Here you have a list of the people who unknowingly have helped me shape my perspective on frontend coding. Here you have a list of my frontend teachers.

You can also check my design referents.

Eric Meyer

He wrote CSS: The definitive guide. That's the go-to resource I recommend for anyone asking to learn CSS. Reading it's second edition is basically how taught me CSS.

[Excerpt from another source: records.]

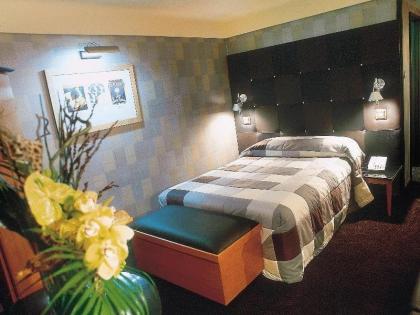 Saint George's Hotel - image 1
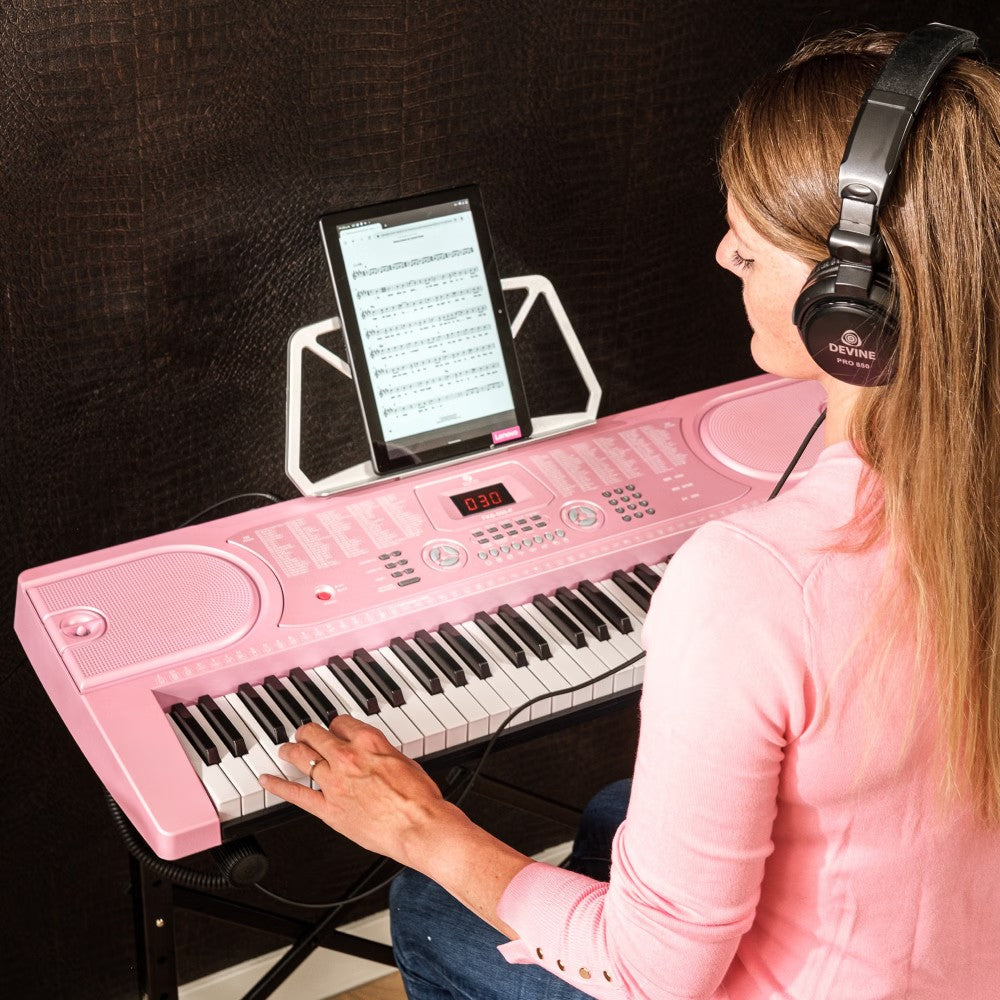 Fazley FKB-050 roze keyboard in gebruik
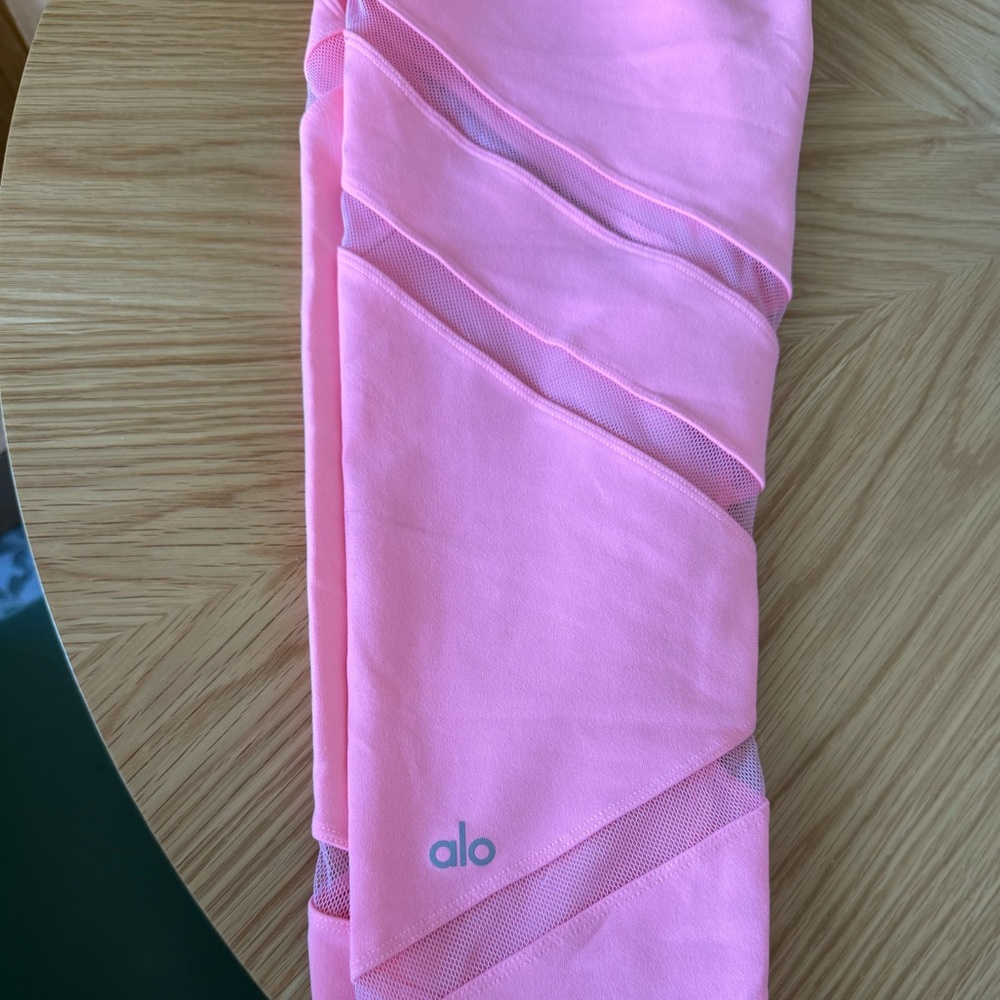 ALO Yoga Vibrant Pink Leggings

Among many other contributions, he's also known his CSS Meyer's reset.

Peter-Paul Koch

Back in the olden days, before caniuse.com, we all went to his site quirksmode.org to check if what we were writing in our stylesheets was going to have compatibility issues.

Lea Verou

She shared advanced clever techniques to go beyond on styling. I keep using her CSS scrolling shadows with background-attachment: local from 2012! She has published many other useful design / CSS projects at her site.

Sara Soueidan

She has written many amazing articles on advanced use of SVG and CSS, with a special focus on accessibility. An essential blog for your RSS feed.

Ben Frain

I think I discovered him when looking for help on static frontend development and ended up in one of his thorough articles about middleman. But the work that has had the most impact on me is the creation my preferred namespacing for HTML/CSS classnames: ECSS. Forget BEM or any other!

Jeffrey Zeldman

Zeldman was a referent for the web industry early on, specially pushing for the use of we standards. But I knew him through one of his projects, A list apart — one of the best sites to learn about design and development in any of its subareas.

Chris Coyier

He built CSS-Tricks. For the name you could guess its content, but it goes far beyond "simple" tricks, it's packed with comprehensive guides on many things CSS related. He also co-founded codepen, a useful tool for creating and sharing useful dev snippets, learning, or just bragging about your dev skills (check CSS-Tricks Spark).

Rachel Andrew

Throughout her career, Andrew has published some of the best articles on mastering layout with CSS.

Jen Simmons

Currently working at Apple on the Web Developer Experience team for Safari & Webkit; and a member of CSS Working Group. She previously blowed many peoples minds with her layout techniques during her talks. For instance: Intrinsic layouts

Miriam Suzanne

She's a core contributor to Sass. Her articles on cutting edge frontend techniques with incoming CSS improvements are a great way to be up to date.